— What the task asks —
Skip the pictures. Give all the data again exactly.

— Records to process —
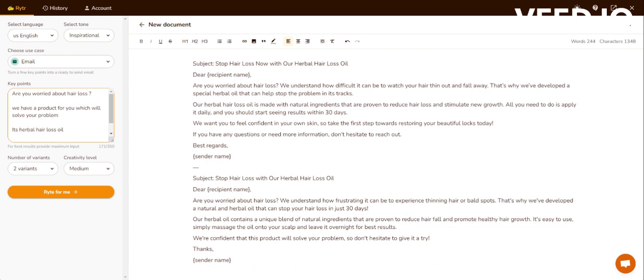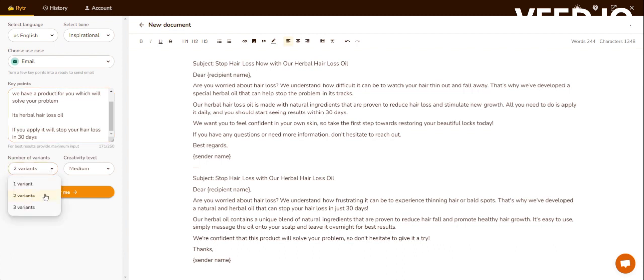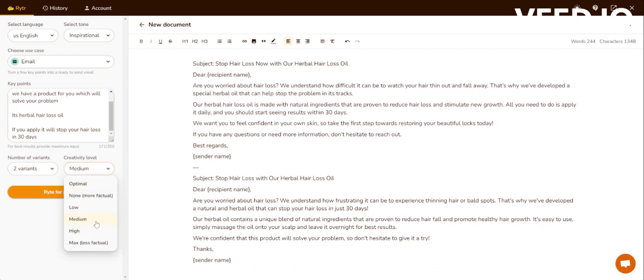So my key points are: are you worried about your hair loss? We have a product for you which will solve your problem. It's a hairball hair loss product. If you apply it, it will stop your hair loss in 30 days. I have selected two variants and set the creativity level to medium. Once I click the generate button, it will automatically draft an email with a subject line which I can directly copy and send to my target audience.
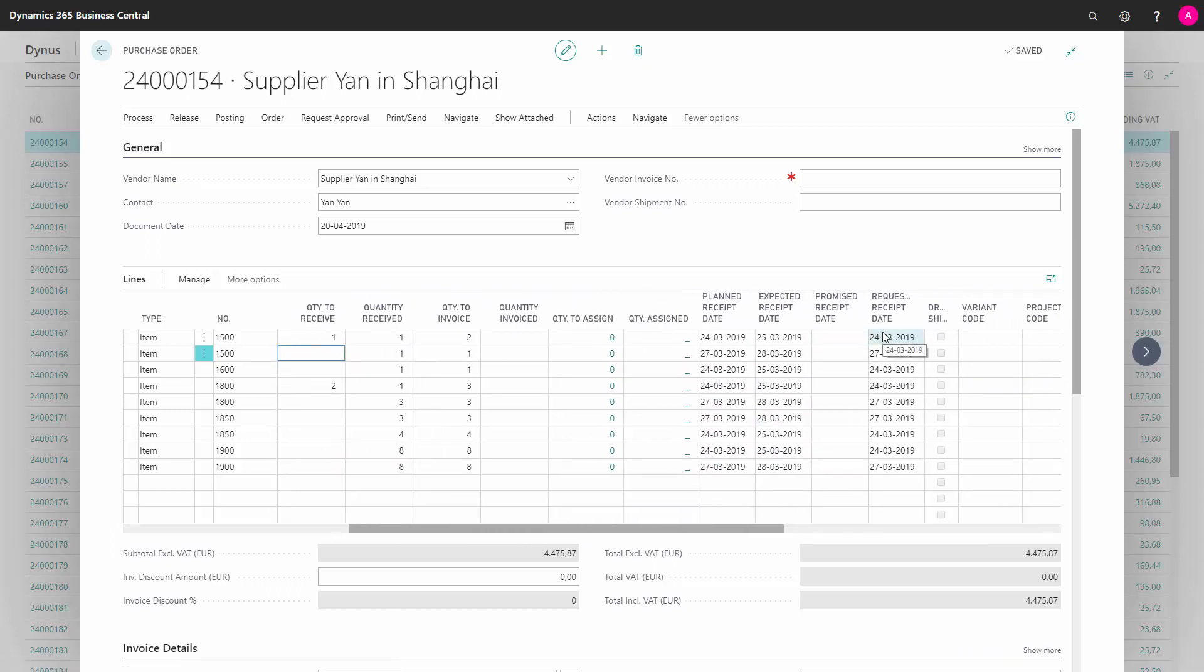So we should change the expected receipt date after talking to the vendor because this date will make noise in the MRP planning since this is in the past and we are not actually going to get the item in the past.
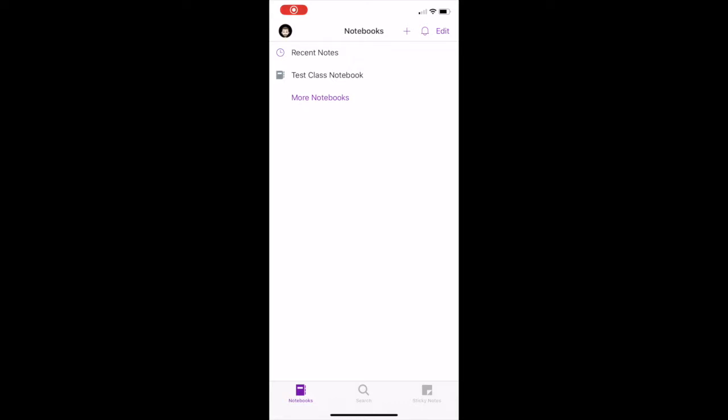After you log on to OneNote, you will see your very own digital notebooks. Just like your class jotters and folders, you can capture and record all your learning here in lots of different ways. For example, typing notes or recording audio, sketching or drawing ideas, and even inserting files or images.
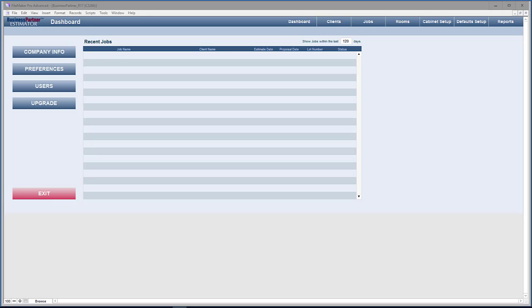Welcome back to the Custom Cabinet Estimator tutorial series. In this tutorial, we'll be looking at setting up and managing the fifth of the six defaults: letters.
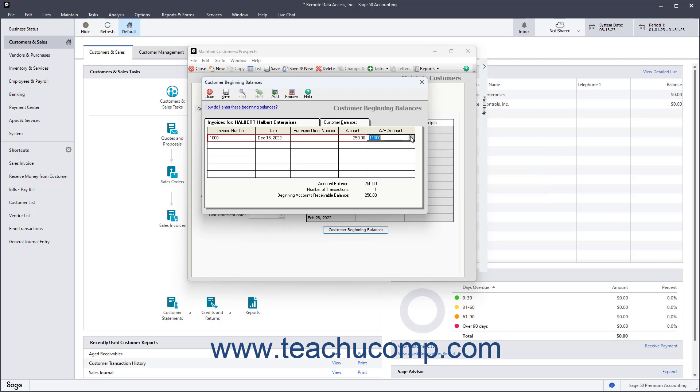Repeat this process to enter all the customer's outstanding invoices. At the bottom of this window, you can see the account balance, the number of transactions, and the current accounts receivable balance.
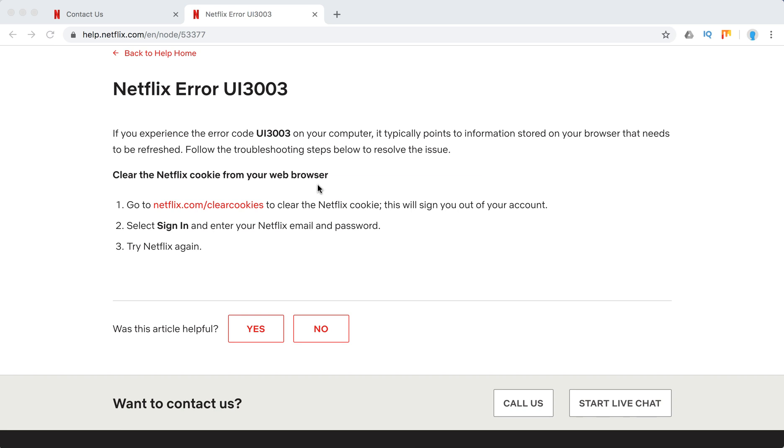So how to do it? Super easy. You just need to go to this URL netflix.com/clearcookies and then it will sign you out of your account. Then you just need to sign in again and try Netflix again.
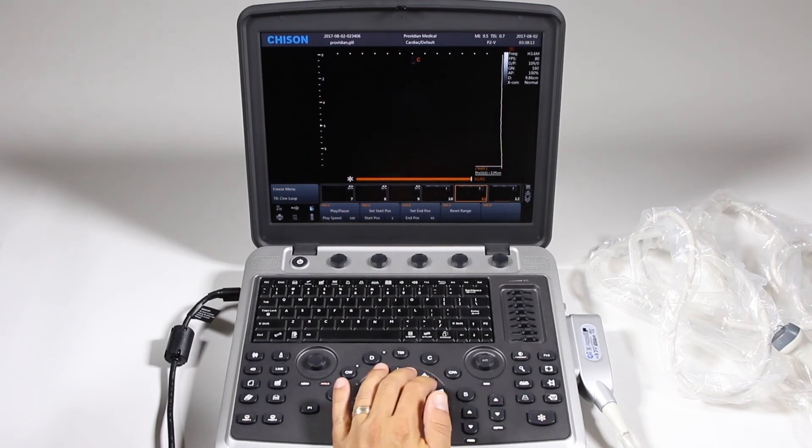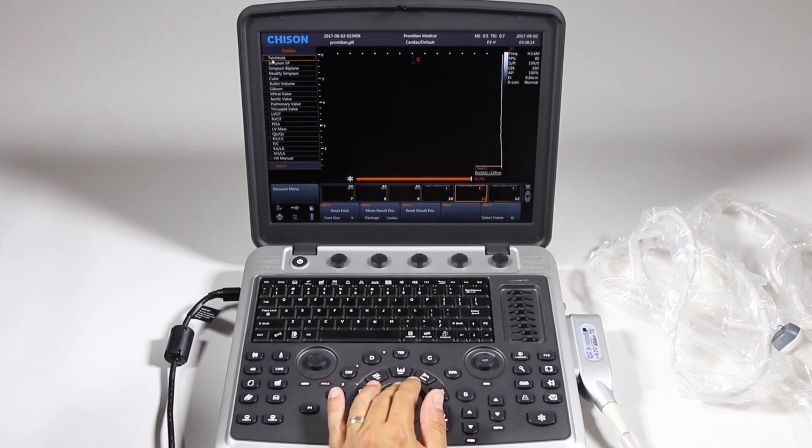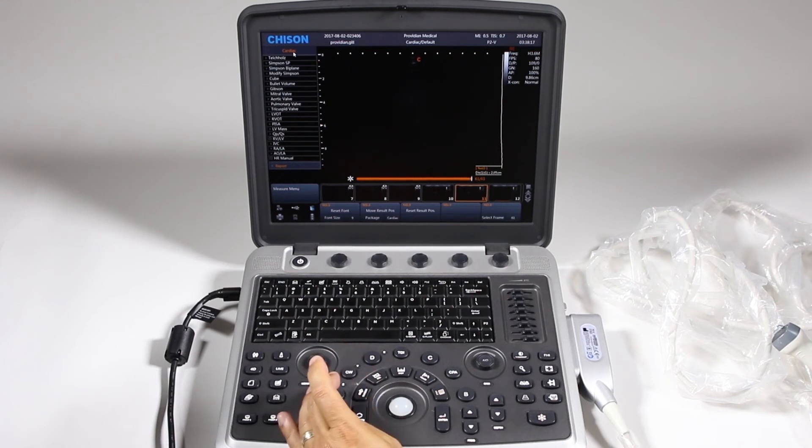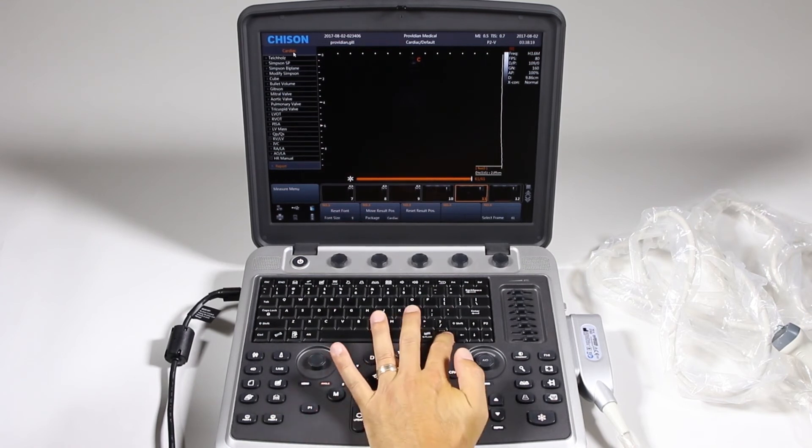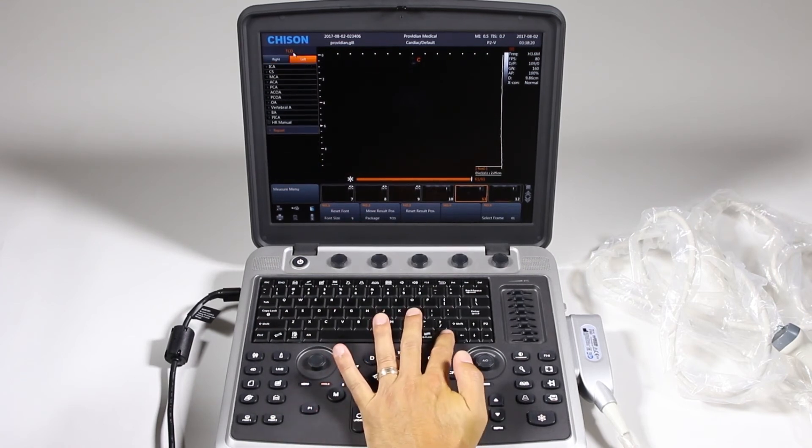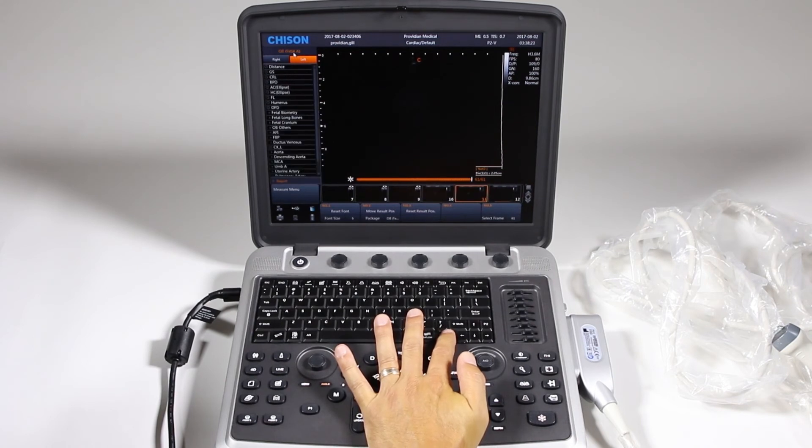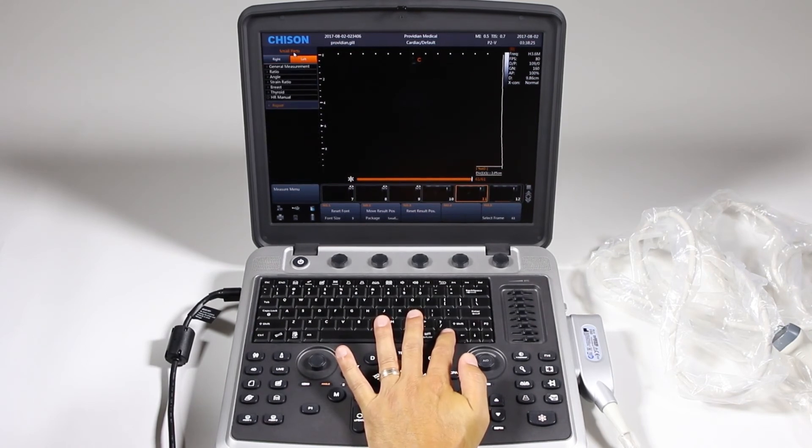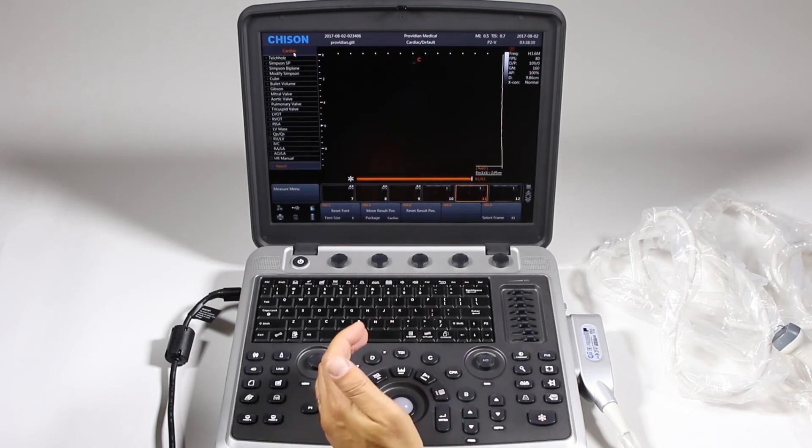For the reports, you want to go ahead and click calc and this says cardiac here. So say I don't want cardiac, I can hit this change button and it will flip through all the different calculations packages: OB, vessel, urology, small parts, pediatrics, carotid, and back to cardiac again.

— Answer to the exercise —
So my key points are: are you worried about your hair loss? We have a product for you which will solve your problem. It's a hairball hair loss product. If you apply it, it will stop your hair loss in 30 days. I have selected two variants and set the creativity level to medium. Once I click the generate button, it will automatically draft an email with a subject line which I can directly copy and send to my target audience.
So we should change the expected receipt date after talking to the vendor because this date will make noise in the MRP planning since this is in the past and we are not actually going to get the item in the past.
After you log on to OneNote, you will see your very own digital notebooks. Just like your class jotters and folders, you can capture and record all your learning here in lots of different ways. For example, typing notes or recording audio, sketching or drawing ideas, and even inserting files or images.
Welcome back to the Custom Cabinet Estimator tutorial series. In this tutorial, we'll be looking at setting up and managing the fifth of the six defaults: letters.
Repeat this process to enter all the customer's outstanding invoices. At the bottom of this window, you can see the account balance, the number of transactions, and the current accounts receivable balance.
So how to do it? Super easy. You just need to go to this URL netflix.com/clearcookies and then it will sign you out of your account. Then you just need to sign in again and try Netflix again.
For the reports, you want to go ahead and click calc and this says cardiac here. So say I don't want cardiac, I can hit this change button and it will flip through all the different calculations packages: OB, vessel, urology, small parts, pediatrics, carotid, and back to cardiac again.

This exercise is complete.